Thinking about the Future of our IPA Freudian Home
A Manifesto


Dra. Raquel Zak de Goldstein
June, 2002

Concern, loyalty and belonging are some of the feelings that arise when we focus on thinking about our IPA. She is always a project, a living project, Freud's project, our project for the many needs of our community and for today's world.
1) There are at least three reasons to consider in relation to this project, to understand why people wish to belong to the IPA. These three streams arise from specific transferences. The essential transference is to Freud's theoretical
corpus, in which we find the antidote for any dissolving effects of ideologization, which is so-called third blow to narcissism: the discovery of the unconscious, the mainstream that identifies us as a shibboleth of a psychoanalytic way of thinking. A second one has to do with seeking to belong to an institution to cope with basic human anxieties. A third one is a surprising, unconscious experience of support, an effect of belonging to the psychoanalytic community of the IPA, which is one of the sources of our capacity to bear the unbearable uncertainty associated with becoming an analyst. As I have understood, these three reasons are the basis to sustain psychoanalytic thinking and avoid psychic simplification.

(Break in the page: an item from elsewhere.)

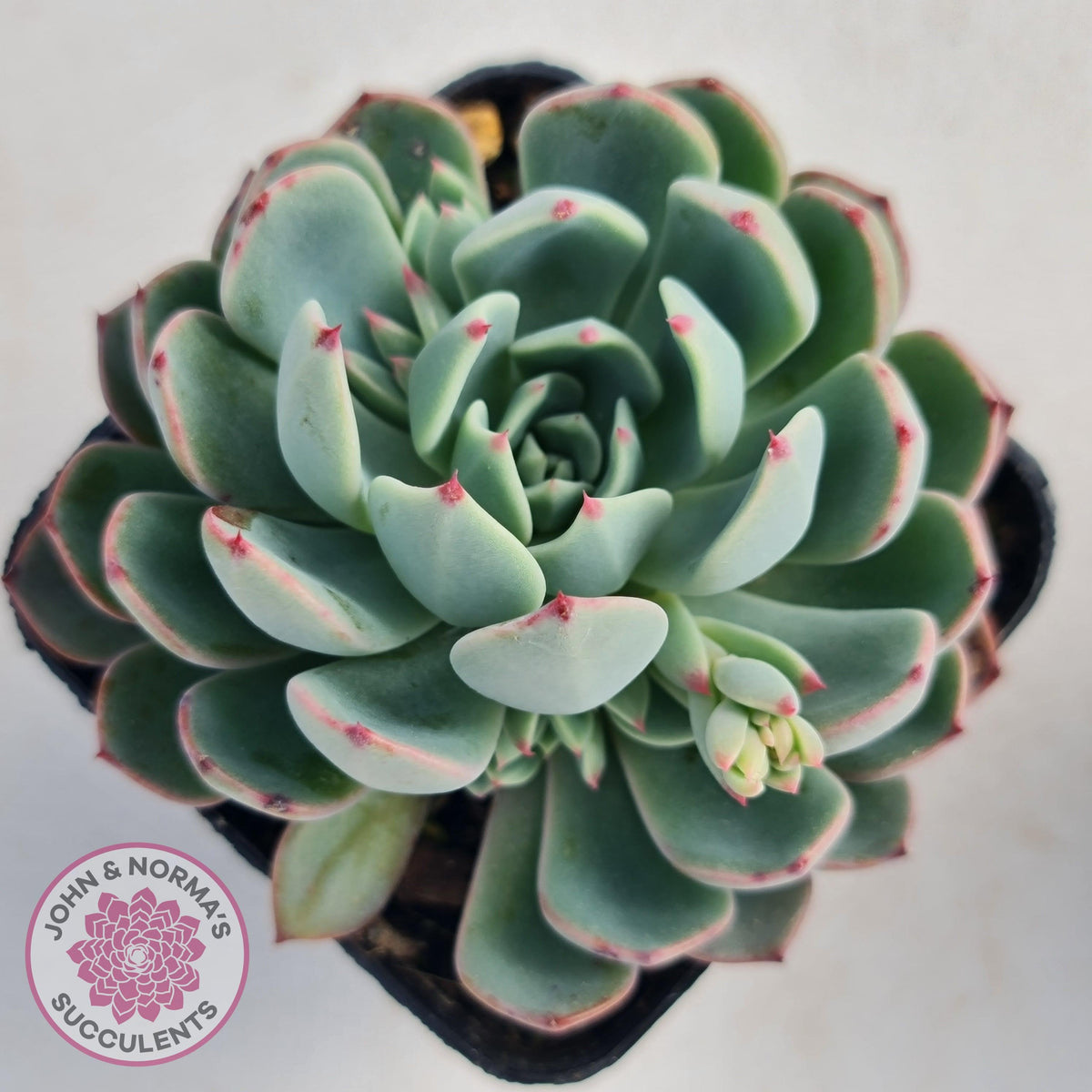 Echeveria 'Shichifuku Bini'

2) Pluralistic frames of reference in interaction with these three transferences are also essential for the permanent working through of this uncertainty.
If I were Global Representative I would give priority to this point of view, in order to design ways to expand our presence and the significance of psychoanalysis.

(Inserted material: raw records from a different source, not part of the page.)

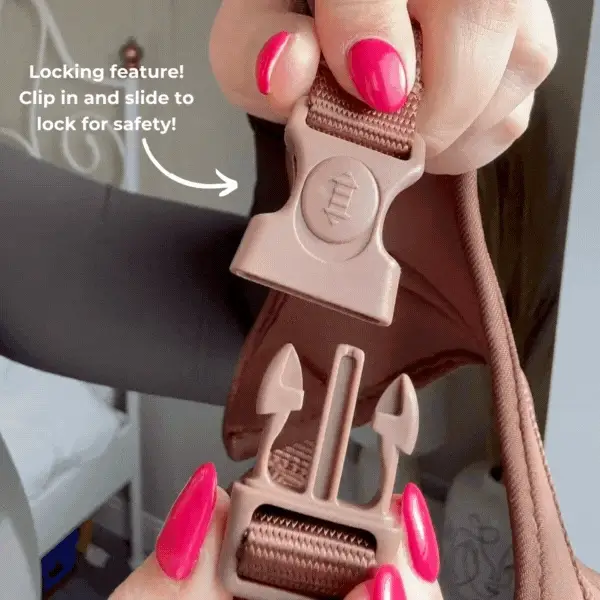 Teddy Daydream Adjustable Neck Harness, Lead & Collar Bundle - Image 12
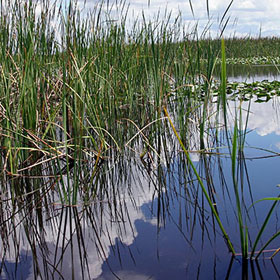 Kayaking the Florida Everglades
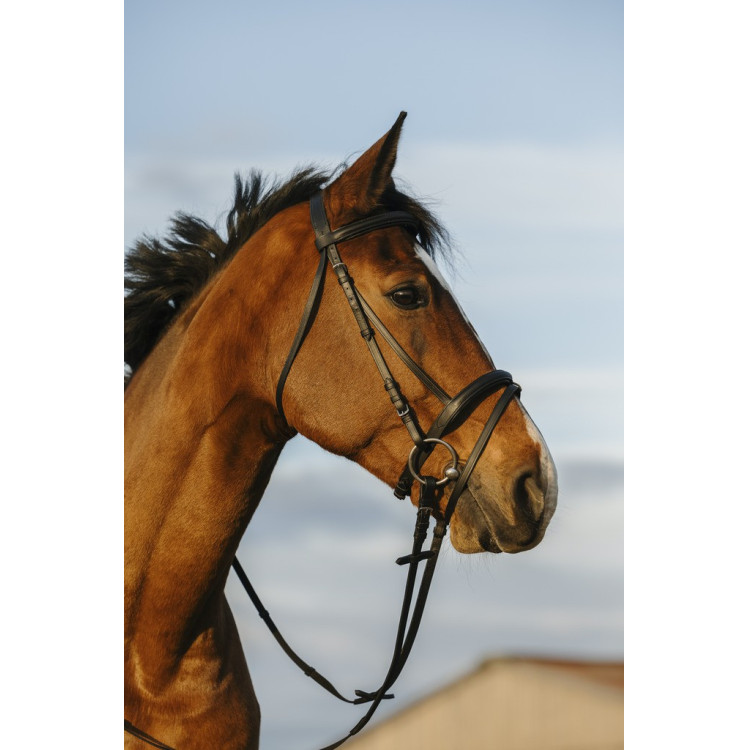 Bridon Riding World gecombineerde gecombineerde neusriem Bridon Riding World gecombineerde gecombineerde neusriem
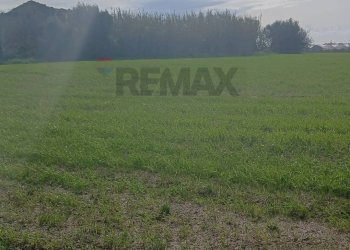 Giardino - Terreno edificabile contrada burgio
sn, Noto - foto 4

Today, Francis Fukuyama also thinks in terms of “holding the helm in spite of the contradictory currents and contradictions of all communities”.
3) For instance, in his challenging book, Our Post-Human Future, this author also warns us against undesirable political consequences of biotechnological development, and asks for our deeper involvement in this brave new frontier, appealing again to ethics as a part of this problem.
4) Analytic thought and a sense of psychoanalytic community in permanent expansion beyond the boundaries are, in my view, like Scylla and Charybdis, guidelines for the constant updating that should include training and psychoanalytic education to sustain a hopefully undiluted expansion. As a kind of work in progress, always including this core identity and the specificity of psychoanalysis in essential areas and cultures, to ensure its vitality as cross-fertilization. Thus, the naturally strong presence of psychoanalytic thinking may go safely far beyond today's frontiers.
5) It may be useful to have a kind of think trust, an active, multi-referential body in fluid exchange with Comset teams, in order to shape standards and training programs. Training is a vital part of the future of psychoanalysis.
I would be very pleased to put my experience and enthusiasm into action, in a project which I believe reflects the feelings and the state of the art of our times.
As a Latin American psychoanalyst, I wish to share these aims and also all those permanent little discoveries that emerge from the subtle and sensual weave that continuously floats through pluralism in post-Freudian and contemporary psychoanalytic thought.